Impossible de rater son stand, quai de Conti, surplombé de l’enseigne rétro d’un cuistot qui tient entre ses mains un menu annonçant : « Alain Huchet. Livres de gastronomie, vin, menus, gravures. » Dans ses « boîtes », comme on appelle les contenants verts typiques des quais parisiens, des livres de cuisine anciens et modernes donc, mais aussi des vieilles affiches publicitaires graphiques pour la Suze ou les digestifs Dubonnet, des menus anciens et une pile de guides Michelin des années cinquante à aujourd’hui. Alain est un passionné, il collectionne les livres depuis vingt-cinq ans : « J'allais à Drouot, tous les libraires spécialisés me connaissaient. »
Cela fait dix-sept ans qu’il tient sa « bouquinerie », mais ce titi amical a toujours baigné dans la cuisine. Il commence sa carrière à 16 ans comme apprenti cuisinier à Nantes, puis sera chef de cuisine en Arabie saoudite pour le groupe Accor et enfin intendant dans un lycée pendant douze ans. Il a attendu dix ans pour obtenir ces fameuses boîtes vertes délivrées par la ville de Paris : « J’en ai quatre de 2 m2, soit 8 m2, c’est la norme. Avant, il n’y avait pas de bouquins de cuisine sur les quais. »

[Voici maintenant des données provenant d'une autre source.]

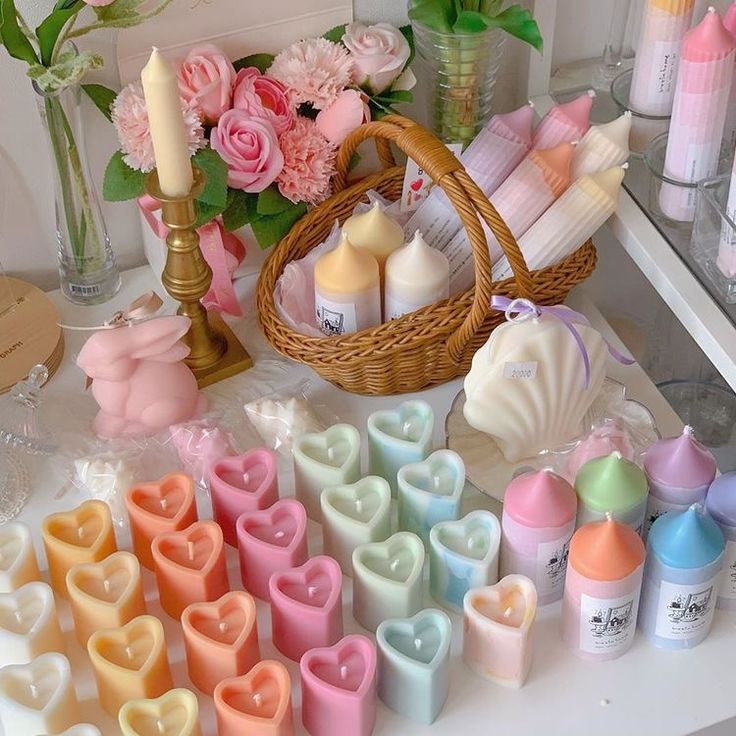 a table topped with lots of different types of soaps and candles next to flowers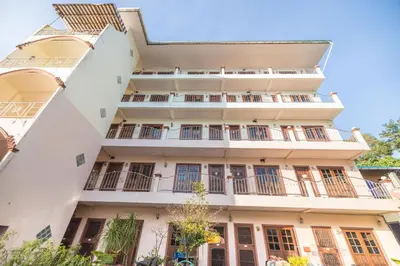 an apartment building with balconies and windows at G house guest house in Patong Beach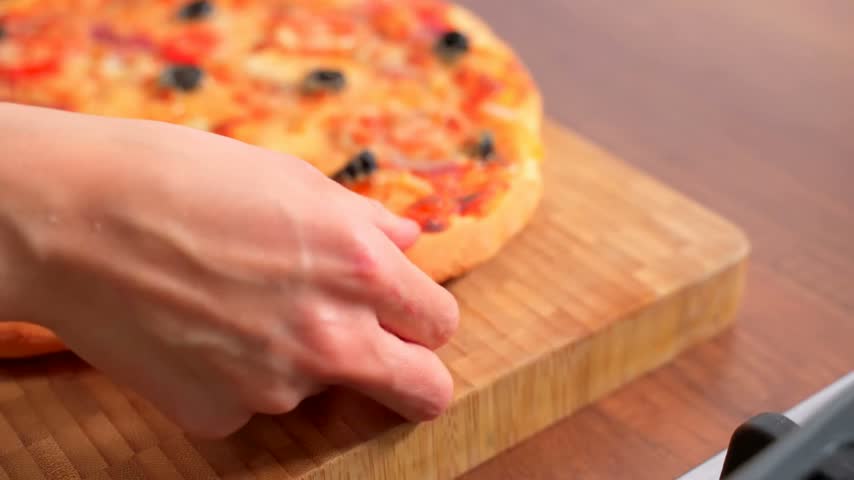 Beautiful kitchen video with homemade round pizza with 
vegetables, meat, olive, tomato, cheese, 
mayonnaise. Appetizing tasty dish.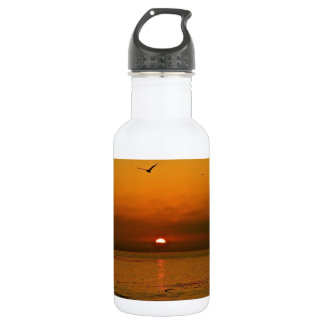 BOTELLA DE AGUA ATARDECER LLAMEANTE EN EL OCÉANO PACÍFICO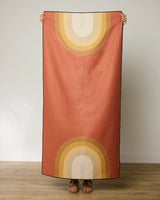 A person stands indoors holding up GEOMETRYs Pumpkin Spice beach towel—a quick-drying, rectangular towel featuring retro rainbow arches in yellow, orange, and beige on a rust background. Only the persons sandal-clad feet are visible.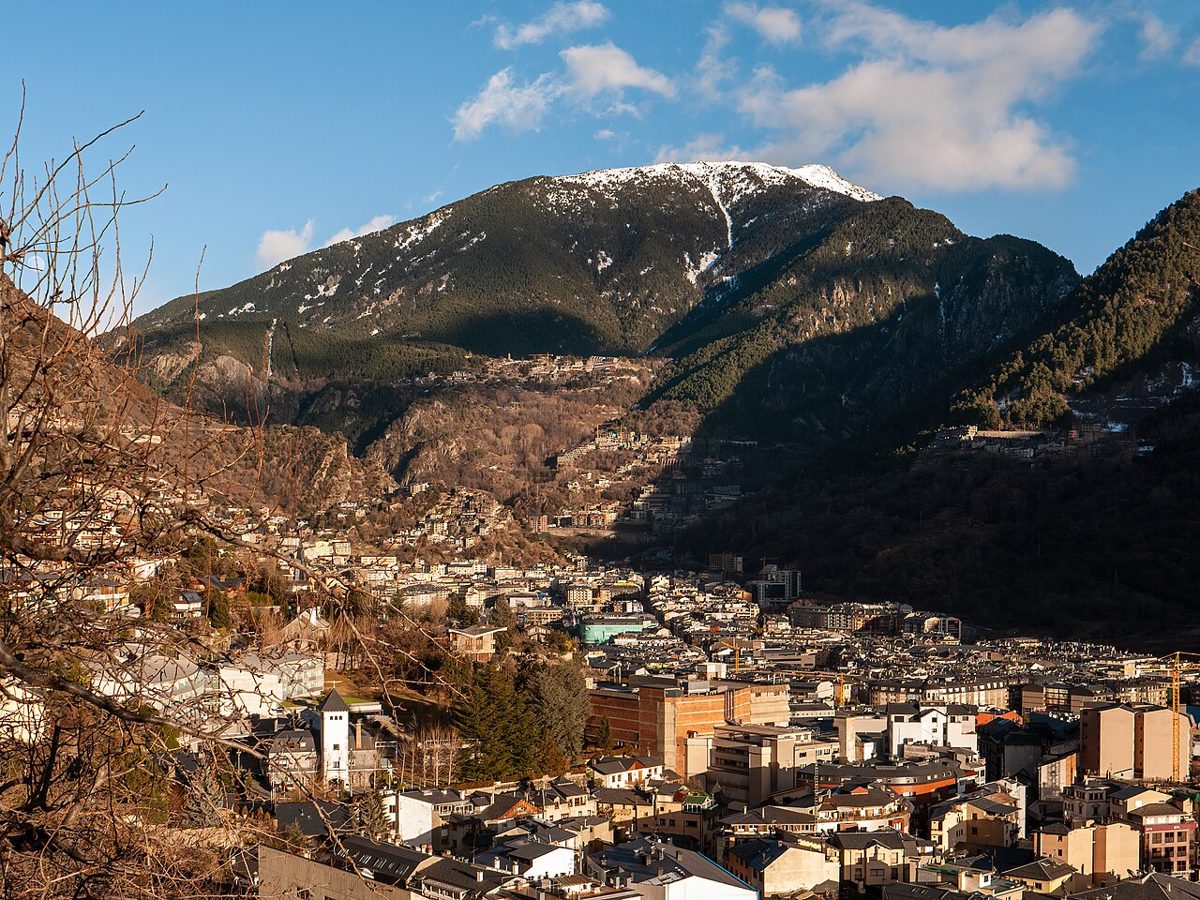 Elevated view over the dense rooftops of Andorra la Vella, with a snow-streaked Pyrenean peak rising behind the capital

Il salue les passants, renseigne les touristes, blague avec un guide : « Alain is a big chef », nous dit-il. Pour les bouquinistes, les aléas de la météo déterminent le rythme de leur travail, l'actualité aussi : « C’est dur depuis le 13 novembre », confie-t-il. Des touristes américaines feuillettent les guides Michelin : « You are looking for your birthday ? », demande Alain goguenard. « Beaucoup de personnes prennent le Michelin de leur année de naissance », nous précise-t-il. Un couple de jeunes Québécois choisit des affiches : « Quatre pour 13 euros ? » demande le jeune homme. « Vendu », répond Alain.
« J’ai beaucoup de touristes mais pas que, il y a aussi des curieux, des personnes qui cherchent les livres de cuisine qu’ils avaient enfants et aussi des grands chefs, comme Guy Savoy qui tient le restaurant de hôtel de la Monnaie juste en face ! »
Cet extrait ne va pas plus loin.